# Shopping cart recommendations?



## TahoeTomahawk (Apr 12, 2006)

Hi All,
can anyone recommend a good shopping cart to be used for T-shirt or clothing sales? And hopefully one that is written in PHP. 

I'm currently using Paypal checkout which does not allow me to have as many drop down options as I need so I find myself concatenating options together to meet their limit.

Thanks!
-Adam


----------



## Rodney (Nov 3, 2004)

My recommendation is CubeCart. Available at www.cubecart.com

It's free, written in php, pretty easy to customize, and has a lot of built in and add-on features (with a nice user community supporting it)


----------



## TahoeTomahawk (Apr 12, 2006)

Thank you sir.


----------



## Tshirtcrib (Jul 21, 2006)

Another great FREE shopping cart module is Zen-Cart which has LOADS of features and templates you can find them at www.zen-cart.com


----------



## greq27wroc (Sep 26, 2006)

http://bigcartel.com - looks good, and it's designed specially for clothing companies.


----------



## Twinge (Apr 26, 2005)

I'm using Zen Cart as well. It's based on OSCommerce, which is also fairly popular.


----------



## Vtec44 (Apr 24, 2006)

I personally stay away from anything that's remotely hosted. We're using a modified version of OS Commerce.


----------



## azorable (Dec 10, 2006)

I prefer Oscommerce, found it easier to customise. If you're not familiar with editing PHP you can buy some templates at templatemonster.com, templates for cubecart im not sure.





> I personally stay away from anything that's remotely hosted. We're using a modified version of OS Commerce.



Yes, consider hosting with someone you trust or you can even do it from your own computer. 

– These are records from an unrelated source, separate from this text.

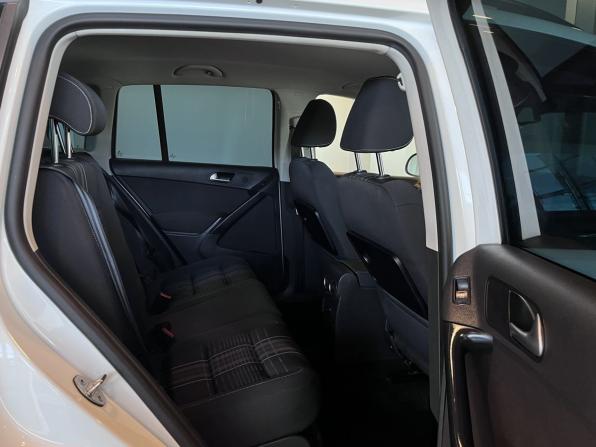 Volkswagen Tiguan I Рестайлинг с пробегом 2015 года, цена 1 550 000 рублей, 147700 км, внедорожник, Автокод Объявления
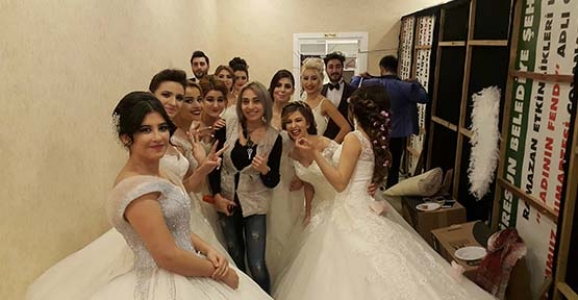 GİRESUN VE ORDU’DA Kİ DEFİLEDE KUAFÖR ŞÜKRİYE İMZASI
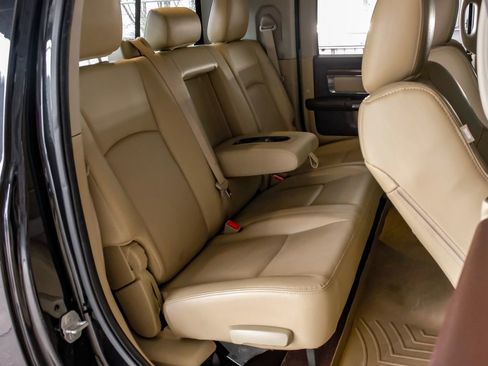 Used 2016 RAM 2500 Laramie image 33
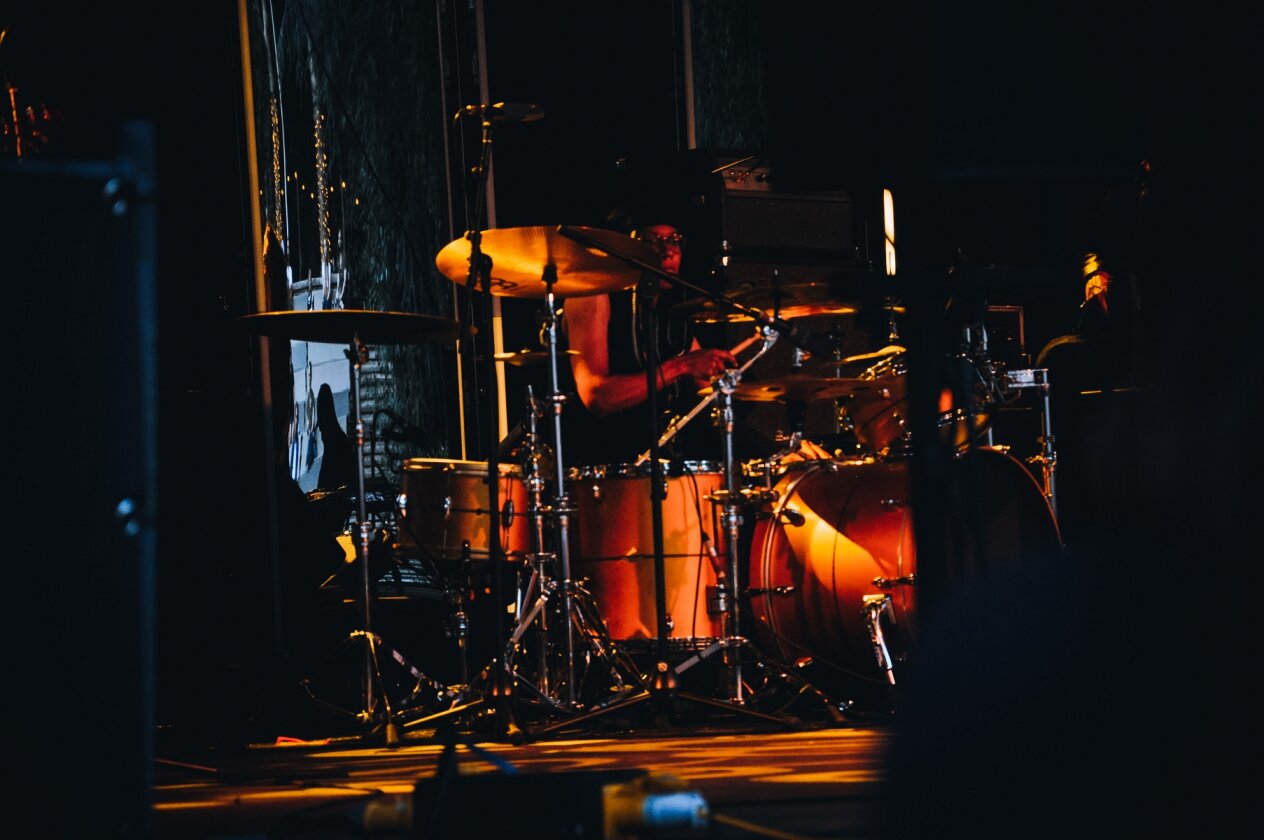 Vom Comatorium ins Openluchttheater: The Mars Volta live in Antwerpen. – An den Drums: Mine-Drummerin Linda-Philomène Tsoungui – überragend!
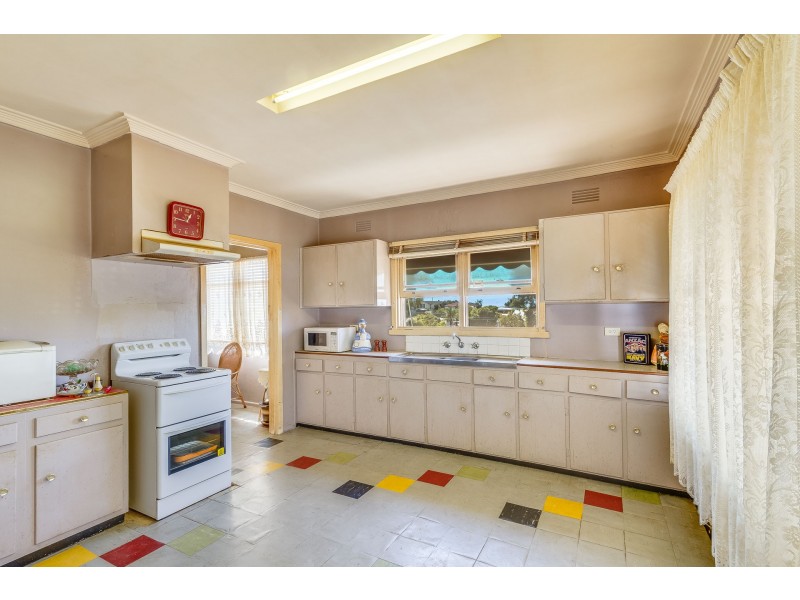 1 Ingleton Street, Long Gully VIC 3550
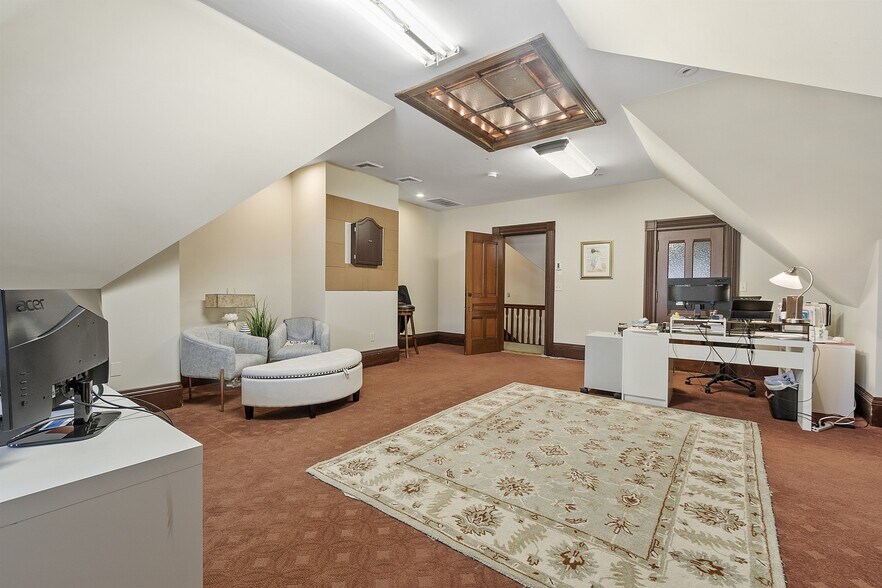 More Photos Of 2 South St, Grafton Office For Sale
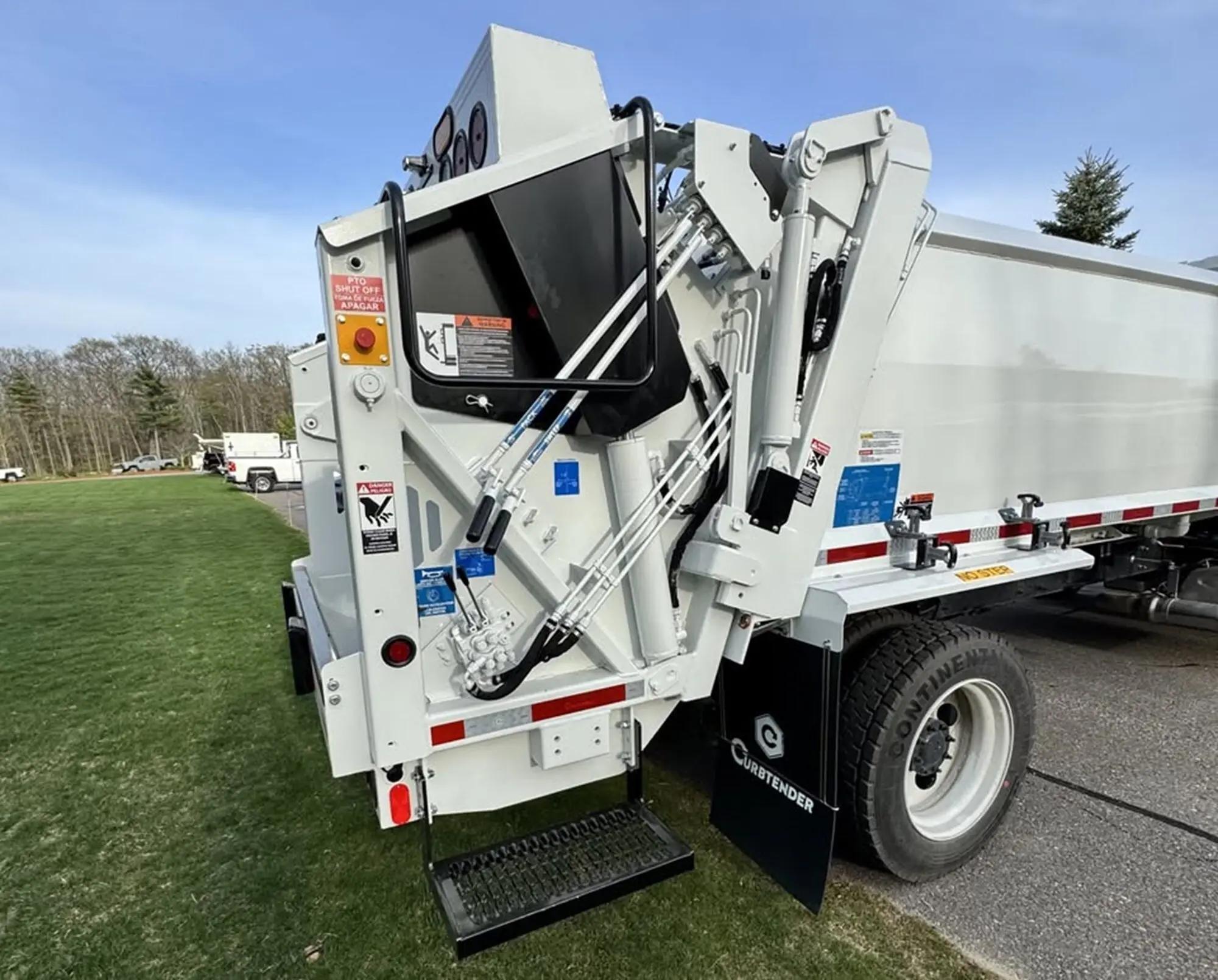 2025 International MV in Manchester, NH — photo 4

You may also want to consider purchasing an SSL


----------



## Vtec44 (Apr 24, 2006)

azorable said:


> Yes, consider hosting with someone you trust or you can even do it from your own computer.
> You may also want to consider purchasing an SSL


By remotely hosted, I was referring to the shopping cart itself where you don't setup the script yourself. That can be an issue if you need to make modifications to the script.


----------



## sticnap (Sep 15, 2009)

I also nominate zencart, I'm using it now and it has almost everything i need.


----------